┌──
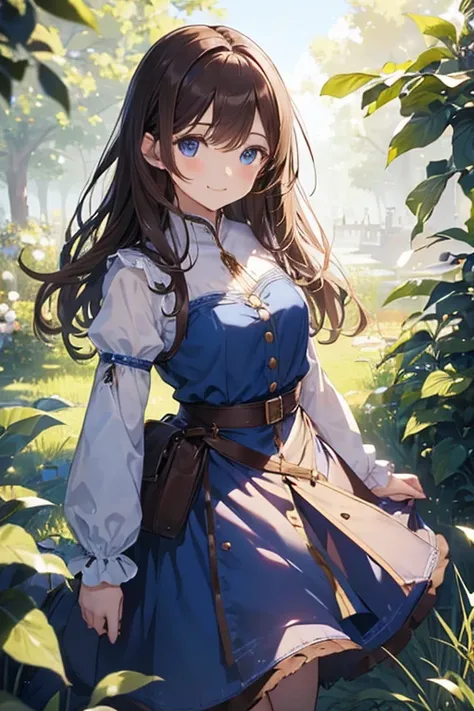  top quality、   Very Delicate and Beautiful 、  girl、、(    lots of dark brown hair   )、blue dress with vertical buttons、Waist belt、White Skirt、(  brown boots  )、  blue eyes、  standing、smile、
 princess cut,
└──
┌──
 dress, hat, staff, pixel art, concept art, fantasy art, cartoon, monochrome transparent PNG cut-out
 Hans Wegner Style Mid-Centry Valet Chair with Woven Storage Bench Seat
└──
┌──
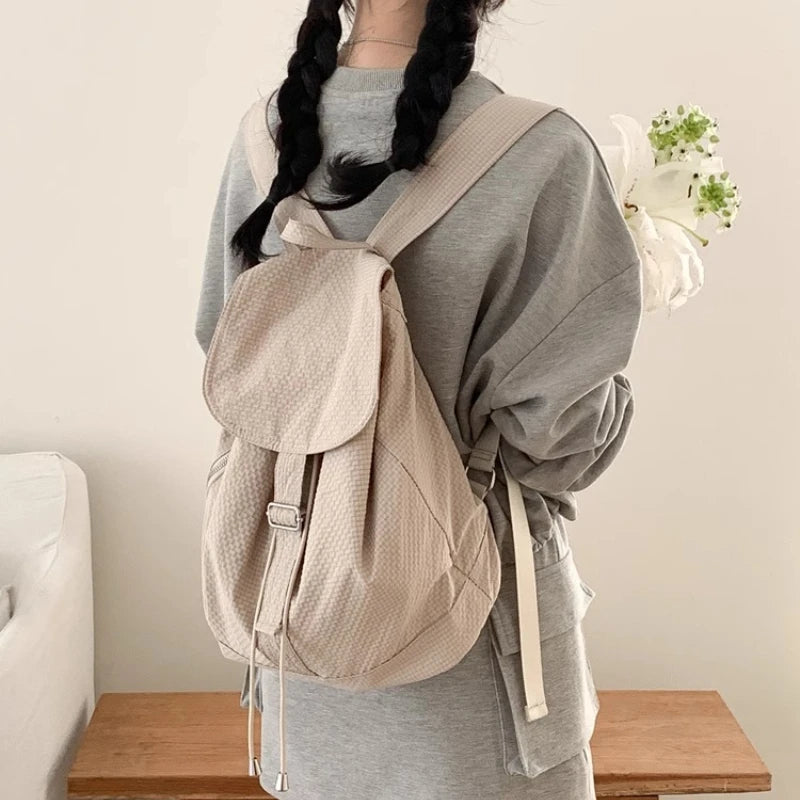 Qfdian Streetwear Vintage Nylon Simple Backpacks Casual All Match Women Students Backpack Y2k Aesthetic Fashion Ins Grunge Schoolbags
└──
- Task directions:
Please give back exactly the lines of this listing beginning at the line with "dress, hat, staff, pixel" and ending with the line with "Hans Wegner Style", both included, and nothing else.

- Written reply:
 dress, hat, staff, pixel art, concept art, fantasy art, cartoon, monochrome transparent PNG cut-out
 Hans Wegner Style Mid-Centry Valet Chair with Woven Storage Bench Seat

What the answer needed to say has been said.